Thursday 16 January 2014

10 - 11 January 2014

 Thankfully, our Mother’s wrath was at an end by late afternoon yesterday. Ponchos were rendered superfluous, wantonly discarded by our intrepid adventurers with delightful disdain as we set forth into the great heart of Africa.

  After a somewhat uneventful morning, we were eager to make amends and to rebut the rain with fire in our eyes and passion in our hearts. Make no mistake, we needn’t travel far.
  All but the freshest spoor was obliterated by the morning downpour, so when we encountered leopard tracks on Gowrie Main, we knew they were of the freshest kind.

  Not moments after informing our comrades on the radio that we had discovered said tracks, a distant shadow caught our eye. One, not quite meeting the prerequisite of the common guarri bush and with the faintest promise of a feline form, we stopped to better assess the aforementioned.
With the assistance of binoculars our hopes were soon replaced with elation. For there, on the distant horizon, was a leopard walking over the rise.
  Eager trepidation replaced our amicable amble as we splashed through flowing riverbeds after our quarry.
Upon approach our excitement grew for not one, but two leopards strode before us. So please, try imagining our elation as two rosette felines, became three!
Yes, not one, nor two, but three majestic cats sauntered down the road. Oblivious to our presence they marched forth with absolute surety and sole proprietorship of all they beheld allowing no-one past (not that anyone wanted to).

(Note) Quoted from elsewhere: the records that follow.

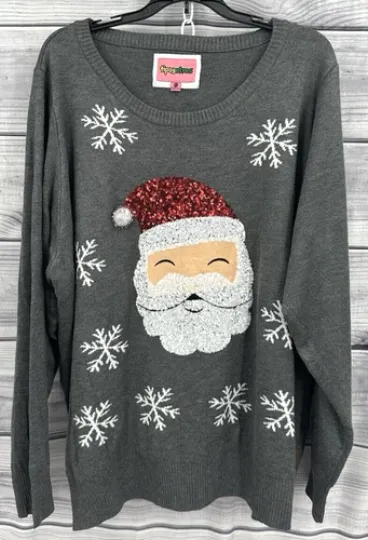 TIPSY ELVES SEQUIN SANTA UGLY CHRISTMAS SWEATER Women's Size XXL  GREY   NT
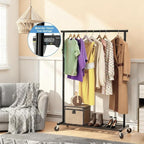 Clothes Rack for Hanging Clothes, 64.25 Inch Clothing Racks with Wheels, Portable Rolling Clothes Garment Rack for Bedroom, Laundry, Living Room, Black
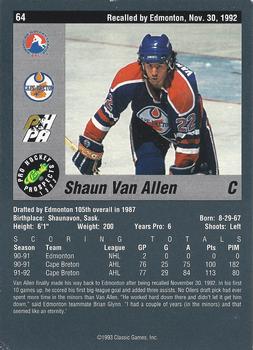 1993 Classic Pro Prospects #64 Shaun Van Allen Back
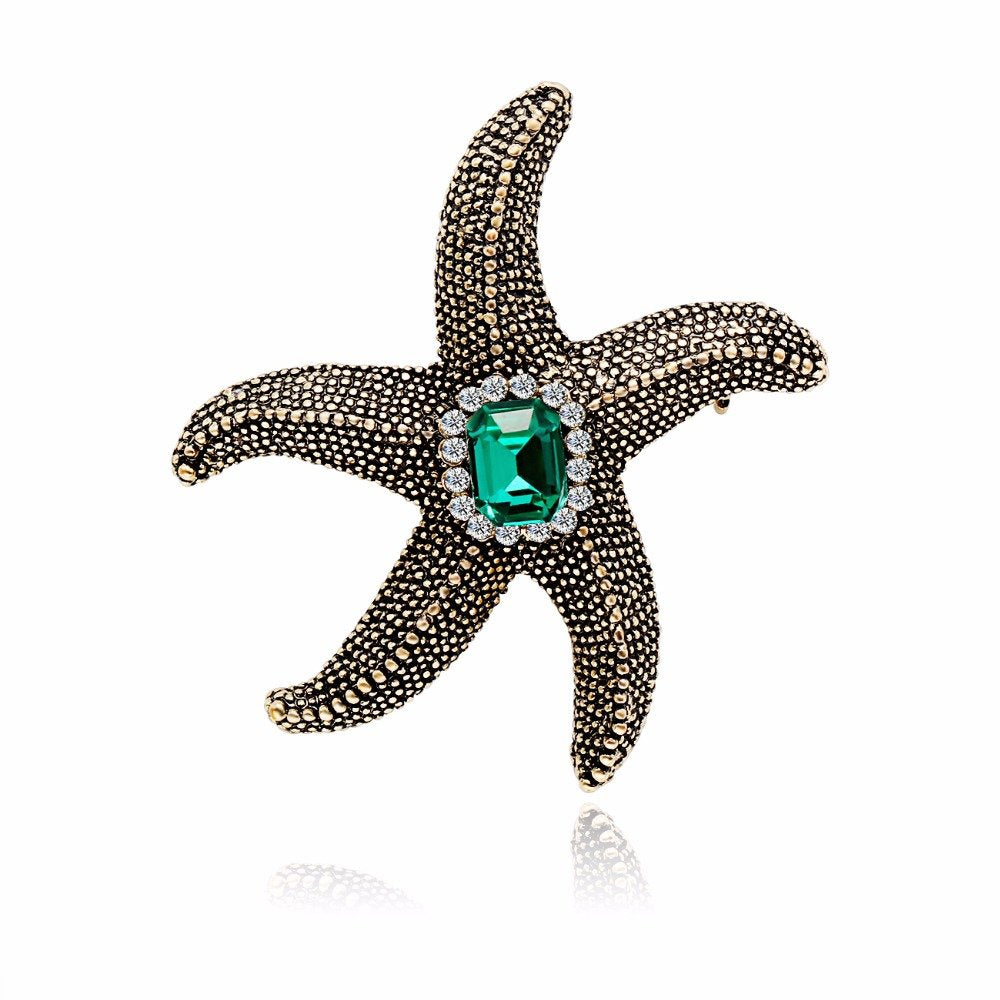 Oxidised Gold Green Crystal Star Fish Brooch image 4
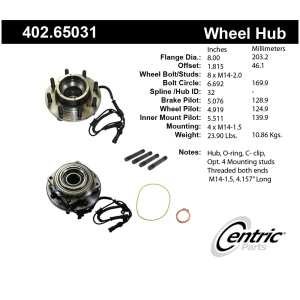 Centric Premium™ Front Driver Side Driven Wheel Bearing and Hub Assembly for 2010 Ford F-350 Super Duty - 402.65031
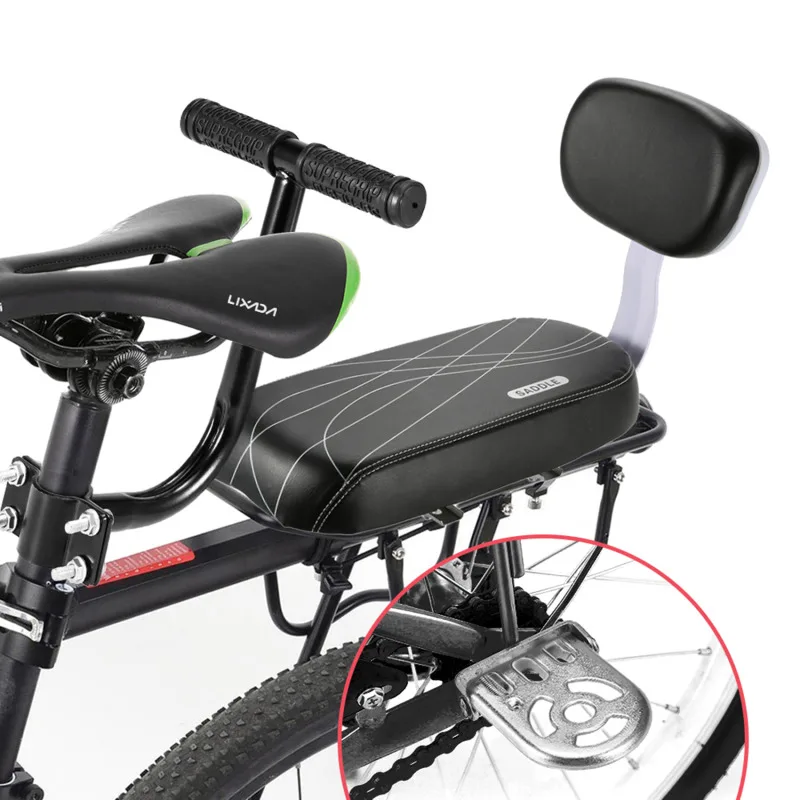 Seggiolino Posteriore per Bicicletta MTB in Pelle PU Morbido Cuscino Sedile per Portapacchi Posteriore per Bambini con Schienale
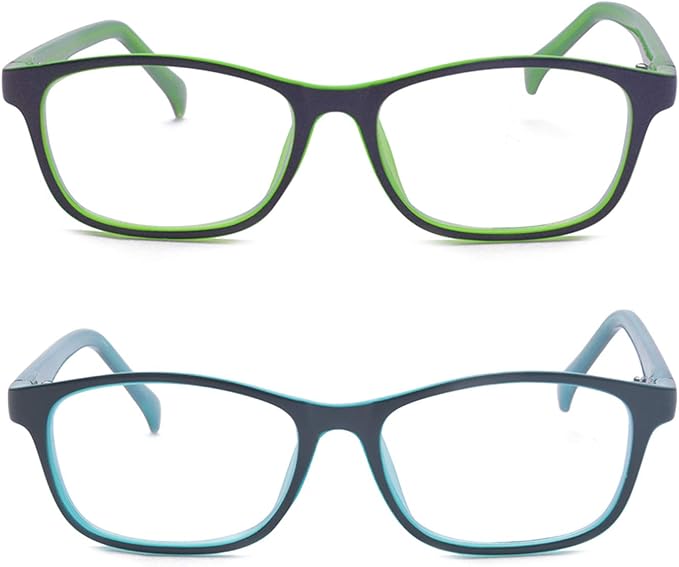 Outray 2 Pack Kids Anti Blue Light Glasses Classic Rectangle Eyewear Anti Harmful Blue Light/UV400 | Anti Glare (Blue+Green, 47)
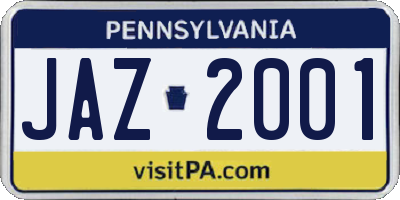 PA license plate JAZ2001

  As it were, we were bearing witness to the progeny of Safari and Mafufunjane. Two leopards dear to me and a female I had the great pleasure of sharing her first 18 months of life with, Karula and her offspring.
  Both cubs seem to be approximately 16-20 months hold though I stand to be corrected. They are of an equal size to her. Thus, to the layman, one would think we were observing three adults together,making a proverbial ‘leap’ of leopards.
  We followed the trio as they walked along the road until our time had come to part ways. What a lovely sighting and one never to be forgotten.

  As much as I would love to extrapolate on the remainder of the drive and the following morning, necessity removes me for this afternoon’s adventure and thus in summary of last night and this morning: Salaexe (female leopard), an active hyaena den with frolicking cubs, a breeding herd of elephants, Xivambelane (young male leopard) just east of the camp and eventually walking into the KNP and lastly, Bahuti (young male leopard and progeny of Thandi) behind Chitwa dam wall, relaxing next to a pan as he observed his surroundings with an air of grace.